Daniel 7:7 - Commentary Critical and Explanatory on the Whole Bible

Bible Comments

After this I saw in the night visions, and behold a fourth beast, dreadful and terrible, and strong exceedingly; and it had great iron teeth: it devoured and brake in pieces, and stamped the residue with the feet of it: and it was diverse from all the beasts that were before it; and it had ten horns.

After this I saw in the night visions, and behold a fourth beast, dreadful and terrible, and strong exceedingly; and it had great iron teeth. Since Daniel lived under the kingdom of the first beast, and therefore needed not to describe it, and as the second and third are described fully in the second part of the book, the chief emphasis falls on the fourth. Also, prophecy most dwells on the end, which is the consummation of the preceding series of events. It is in the fourth that the world-power manifests fully its God-opposing nature.
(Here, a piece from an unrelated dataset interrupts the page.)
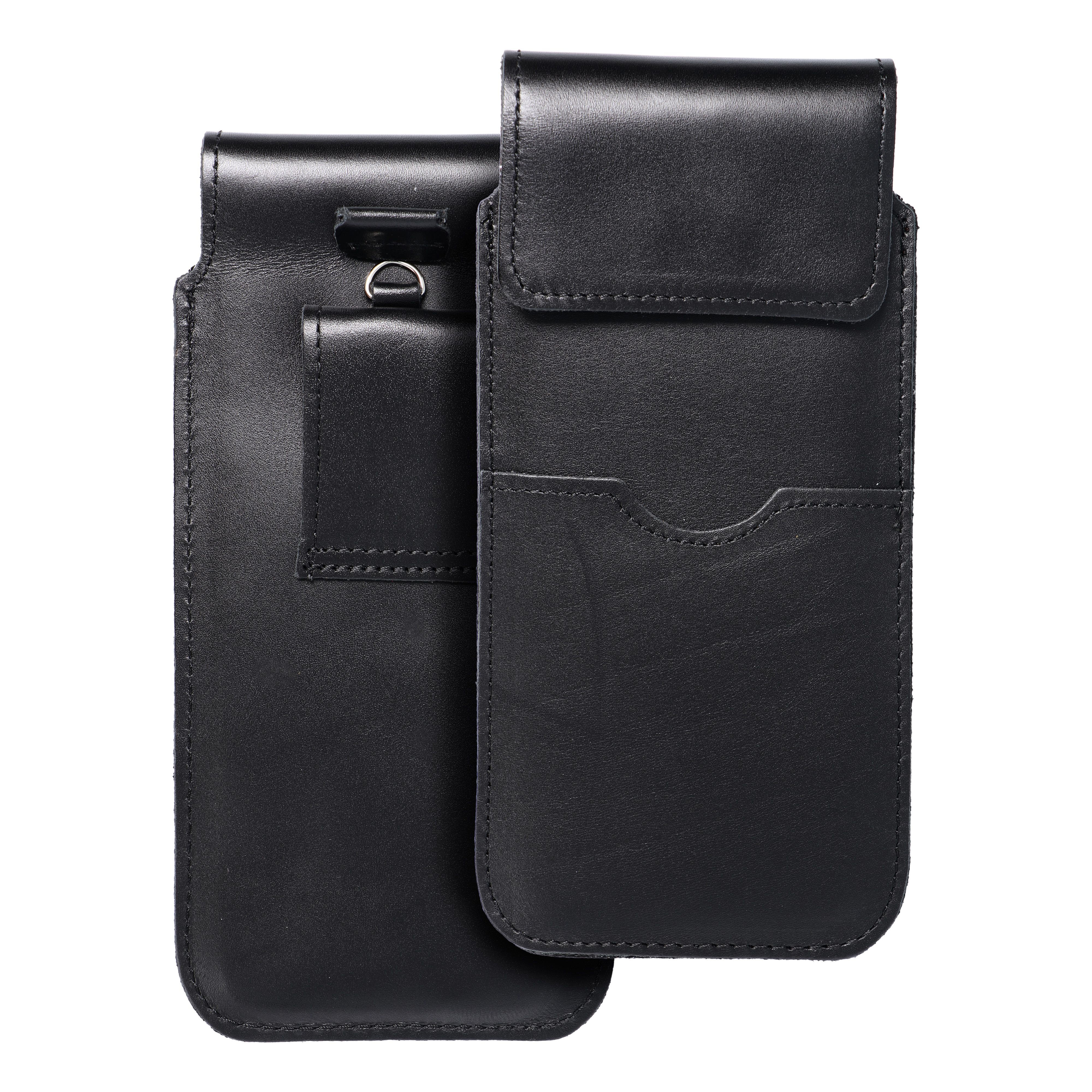 ROYAL - Nahkainen yleispussi läpällä / musta - Koko 2XL+korkea - Samsung S21 Ultra / Huawei P Smart 2021 / Xiaomi Redmi 12 / Oppo A98 5G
And it was diverse from all the beasts that were before it. Whereas the three former kingdoms were designated respectively as a lion, bear, and leopard; no particular beast is specified as the image of the fourth; because Rome is so terrible as to be not describable by anyone, but combines in itself all that we can imagine inexpressibly fierce in all beasts. Hence, thrice (Daniel 7:7; Daniel 7:19; Daniel 7:23) it is repeated that the fourth was "diverse from all" the others. The formula of introduction, "I saw in the night visions," occurs here, as at Daniel 7:2, and again at Daniel 7:13, thus dividing the whole vision into THREE PARTS-the FIRST embracing the three kingdoms; the SECOND, the fourth and its overthrow; the THIRD, Messiah's kingdom. The first three together take up a few centuries; the fourth, thousands of years. The whole lower half of the image in Daniel 2:1-49 is given to it. And whereas the other kingdoms consist of only one material, this consists of two, iron and clay (on which much stress is laid, Daniel 2:41-43); the "iron teeth" here allude to one material in the fourth kingdom of the image.

And it had ten horns. It is with the crisis, rather than the course, of the fourth kindgom this seventh chapter is mainly concerned. The "ten horns" mean ten kings, according to Daniel 7:24 (a horn being the symbol representing power): the ten kingdoms into which Rome was divided on its incorporation with the Germanic and Slavonic tribes, and again at the Reformation, are though by many to be here intended by the ten kings. But the variation of the lists of the ten, and their ignoring the Eastern half of the empire altogether, and the existence of the Papacy before the breaking up of even the Western empire, instead of being the "little horn" springing up after the other ten, are against this view. The Western Roman empire continued until 731 AD; and the Eastern, until 1453 AD. The ten kingdoms, therefore, prefigured by the ten "toes," are the ten kingdoms into which Rome shall be found finally divided, when Antichrist shall appear (Daniel 2:41: cf. Revelation 13:1; Revelation 17:12). (Tregelles.) These, probably, are prefigured by the number ten being the prevalent one at the chief turning points of Roman history.

Daniel 7:7

7 After this I saw in the night visions, and behold a fourth beast, dreadful and terrible, and strong exceedingly; and it had great iron teeth: it devoured and brake in pieces, and stamped the residue with the feet of it: and it was diverse from all the beasts that were before it; and it had ten horns.